In November by Cynthia Rylant. Illustrated by Jill Kastner. 2000. Voyager Books.          

Ages: Aimed at primary–but appealing to everyone, including adults.

Summary

In November is a gorgeous book, in every sense of the world. The lush, fuzzy-edged watercolor illustrations will put you in an autumn mood even before you turn the first page. Kastner chooses just the right muted colors and just enough detail to capture the moment without overdoing it, and she respects Rylant’s focus on the sensory richness that marks this special time of year. The book is so short that you can share it aloud within moments, but you find yourself wanting to return again and again, to enjoy it at least once each autumn–and perhaps give it as a gift. Rylant, never one to waste words, seizes on the images that capture the changing of the seasons: the starkness of the trees, animals huddling for warmth, families gathering, birds hunting for meager remaining food, bees going underground.

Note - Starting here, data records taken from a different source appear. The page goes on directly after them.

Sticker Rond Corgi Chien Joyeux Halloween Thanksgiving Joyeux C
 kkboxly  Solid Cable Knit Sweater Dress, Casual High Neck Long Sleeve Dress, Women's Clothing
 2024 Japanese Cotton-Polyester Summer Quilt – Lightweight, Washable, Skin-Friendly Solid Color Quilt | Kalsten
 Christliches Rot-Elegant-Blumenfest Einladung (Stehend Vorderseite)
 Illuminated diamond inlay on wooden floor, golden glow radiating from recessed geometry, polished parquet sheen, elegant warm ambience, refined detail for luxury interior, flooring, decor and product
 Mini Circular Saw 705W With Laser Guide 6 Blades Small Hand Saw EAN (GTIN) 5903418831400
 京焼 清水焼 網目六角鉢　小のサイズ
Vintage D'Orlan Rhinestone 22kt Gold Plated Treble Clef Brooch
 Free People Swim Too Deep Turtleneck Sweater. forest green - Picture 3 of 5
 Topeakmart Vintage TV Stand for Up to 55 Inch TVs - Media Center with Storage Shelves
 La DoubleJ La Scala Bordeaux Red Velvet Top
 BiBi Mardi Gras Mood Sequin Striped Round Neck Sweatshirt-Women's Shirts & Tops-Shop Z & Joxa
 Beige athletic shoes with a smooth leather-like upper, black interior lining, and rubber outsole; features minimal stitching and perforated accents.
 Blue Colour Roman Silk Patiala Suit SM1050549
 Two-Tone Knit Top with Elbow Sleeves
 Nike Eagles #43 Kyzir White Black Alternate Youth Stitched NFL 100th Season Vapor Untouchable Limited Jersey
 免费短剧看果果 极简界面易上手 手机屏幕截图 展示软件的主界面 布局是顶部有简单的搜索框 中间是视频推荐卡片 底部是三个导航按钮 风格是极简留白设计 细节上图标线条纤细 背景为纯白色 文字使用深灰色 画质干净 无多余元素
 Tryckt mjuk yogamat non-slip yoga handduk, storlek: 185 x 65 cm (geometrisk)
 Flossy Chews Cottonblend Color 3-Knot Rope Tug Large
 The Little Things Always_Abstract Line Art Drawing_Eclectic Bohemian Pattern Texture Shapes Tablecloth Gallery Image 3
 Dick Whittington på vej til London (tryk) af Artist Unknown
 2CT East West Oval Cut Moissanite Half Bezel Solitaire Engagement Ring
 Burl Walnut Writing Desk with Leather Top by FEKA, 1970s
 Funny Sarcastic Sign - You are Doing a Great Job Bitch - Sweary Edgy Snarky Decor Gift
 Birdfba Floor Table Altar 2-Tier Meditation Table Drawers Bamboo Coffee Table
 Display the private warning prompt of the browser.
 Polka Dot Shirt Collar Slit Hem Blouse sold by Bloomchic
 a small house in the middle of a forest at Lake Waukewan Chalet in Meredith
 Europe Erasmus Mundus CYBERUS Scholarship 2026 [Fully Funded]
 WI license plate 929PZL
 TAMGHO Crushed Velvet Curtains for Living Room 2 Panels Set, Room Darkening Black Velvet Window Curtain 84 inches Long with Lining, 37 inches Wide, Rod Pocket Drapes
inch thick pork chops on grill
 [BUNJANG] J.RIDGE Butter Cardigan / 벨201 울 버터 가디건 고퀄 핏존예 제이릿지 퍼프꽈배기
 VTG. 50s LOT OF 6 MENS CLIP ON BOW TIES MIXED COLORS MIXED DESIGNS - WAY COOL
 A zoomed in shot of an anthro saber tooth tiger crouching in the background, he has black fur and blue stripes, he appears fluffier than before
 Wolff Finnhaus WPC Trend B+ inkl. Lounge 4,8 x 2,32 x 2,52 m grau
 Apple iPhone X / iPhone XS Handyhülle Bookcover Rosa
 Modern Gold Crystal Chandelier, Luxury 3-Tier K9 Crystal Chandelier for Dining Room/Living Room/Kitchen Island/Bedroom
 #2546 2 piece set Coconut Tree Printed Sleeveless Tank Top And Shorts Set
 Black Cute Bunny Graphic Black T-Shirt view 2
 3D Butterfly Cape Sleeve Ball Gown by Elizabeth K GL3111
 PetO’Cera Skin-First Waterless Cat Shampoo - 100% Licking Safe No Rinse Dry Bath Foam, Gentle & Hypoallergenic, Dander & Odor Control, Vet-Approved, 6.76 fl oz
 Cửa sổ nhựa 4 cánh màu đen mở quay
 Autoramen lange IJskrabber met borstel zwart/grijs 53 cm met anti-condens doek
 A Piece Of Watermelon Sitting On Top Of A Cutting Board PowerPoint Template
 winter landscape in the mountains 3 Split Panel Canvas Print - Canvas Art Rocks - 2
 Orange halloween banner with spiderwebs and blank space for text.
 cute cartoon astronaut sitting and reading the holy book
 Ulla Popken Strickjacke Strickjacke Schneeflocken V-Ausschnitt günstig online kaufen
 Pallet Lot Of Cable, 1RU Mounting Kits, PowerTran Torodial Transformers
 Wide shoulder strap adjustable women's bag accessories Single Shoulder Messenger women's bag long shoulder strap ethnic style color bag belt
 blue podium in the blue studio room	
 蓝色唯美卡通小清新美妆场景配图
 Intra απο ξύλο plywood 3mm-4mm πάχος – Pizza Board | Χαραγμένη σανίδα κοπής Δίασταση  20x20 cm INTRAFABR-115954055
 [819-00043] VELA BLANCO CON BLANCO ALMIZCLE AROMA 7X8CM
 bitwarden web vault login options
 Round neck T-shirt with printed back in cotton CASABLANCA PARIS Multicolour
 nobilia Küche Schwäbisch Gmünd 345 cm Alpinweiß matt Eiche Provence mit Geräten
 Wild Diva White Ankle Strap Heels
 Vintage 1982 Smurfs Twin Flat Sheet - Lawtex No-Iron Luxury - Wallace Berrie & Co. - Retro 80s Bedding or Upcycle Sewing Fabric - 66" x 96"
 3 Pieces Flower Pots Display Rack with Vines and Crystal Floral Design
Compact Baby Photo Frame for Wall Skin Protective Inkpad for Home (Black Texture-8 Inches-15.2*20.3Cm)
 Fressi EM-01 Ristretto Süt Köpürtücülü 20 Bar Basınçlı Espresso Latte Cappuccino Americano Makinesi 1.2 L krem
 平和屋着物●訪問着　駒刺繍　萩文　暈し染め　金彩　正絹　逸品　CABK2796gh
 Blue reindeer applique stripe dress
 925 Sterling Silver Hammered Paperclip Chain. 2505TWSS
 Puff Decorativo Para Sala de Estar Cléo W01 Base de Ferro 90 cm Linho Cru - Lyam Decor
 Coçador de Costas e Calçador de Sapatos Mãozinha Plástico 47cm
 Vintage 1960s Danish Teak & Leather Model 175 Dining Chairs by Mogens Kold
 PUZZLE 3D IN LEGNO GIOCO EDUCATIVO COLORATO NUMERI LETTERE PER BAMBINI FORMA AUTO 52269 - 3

Some are achingly familiar, some strikingly new. The book has a mellow, soft, inviting voice and is wonderful as a read-aloud to teach this trait. But you can do much more with it. Notice the sensory detail, celebrated in both words and illustrations. And don’t miss the unusual word choice, especially noteworthy in Rylant’s sparing use of adjectives: staying birds, earthy holes, sometime friend. Nearly every page has a message, and together they form a central theme: thanksgiving. Not the holiday per se so much (which she references only indirectly), but the lower case version. The feeling in the heart. Though Rylant repeats the phrase In November, the echo never grows tiresome. We find ourselves listening for it, anticipating it. Tune in to the rhythm of the language, and you’ll also notice this writer’s skillful interweaving of long and short sentences punctuated bycarefully crafted fragments. The result is pure poetry–a model of sentence fluency at its finest.

In the Classroom

  • Read the book aloud, perhaps more than once, just to enjoy the voice and poetic phrasing.
  • Talk about what the month of November (or the fall season) means in your part of the world. Rylant is clearly writing about a region where noticeable, stark seasonal changes occur–marked by shifts in climate. But even if you do not live in such a place, perhaps there are more subtle changes that indicate a shift in seasons–or the coming of a new time of year.
  • Write some “In November” pieces of your own, using the repeated phrase “In November” (or any phrase that fits your theme) to open each new segment. The results might be descriptive essays, poems, or journals celebrating family traditions, seasonal changes, or personal changes in the writer’s own life–e.g., what does it mean to turn age 7, 8, 9, 10, or . . . ?
  • Leaf through the book slowly, noticing the illustrations artist Jill Kastner uses to reflect each moment. Do your students have favorites? What senses does this artist appeal to through her various paintings? What do you smell, hear, feel?
  • Create images of your own to celebrate a month or season of the year. You might consider creating individual greeting cards or assembling a collection of images to make a calendar.
  • Author Cynthia Rylant uses some rather unusual adjectives in this book. Which ones stand out for your students? Is the use of common words in unusual ways a mark of good word choice? How so?
  • What is the overall impression created by this book? How is it meant to make us feel as readers? Does Cynthia Rylant like the month of November–or autumn in general? How much? How can you tell? Clearly it’s a time of hardship for wild creatures. Is this at odds with her overall theme–or just part of the larger picture?
  • Writers get ideas in lots of ways. Talk about how author Cynthia Rylant probably got ideas for this book. Do you picture a moment where Rylant might have said to herself, “Yes! I’ll write about that.” Do you visualize her drawing most of her ideas from observations–just things she noticed? Memories? Imagination? Or some combination of those? Talk about where you get your own ideas for writing, and ask your students to share their thoughts on this, with each other in small groups and/or with the class as a whole.
  • Not all books have illustrations. Perhaps they are more important to some books than to others. In this book, do the illustrations carry as much meaning as the words? More? How important are they? Think about the “voice” of artist Jill Kastner. She might have used, say, black and white sketches, cartoons, or even photographs. Did she make a good choice with her artistic voice and style? How so?
  • One illustration in this book is distinctly different from all the rest. Which one is it? Why is it different, and why is its place in the book so important?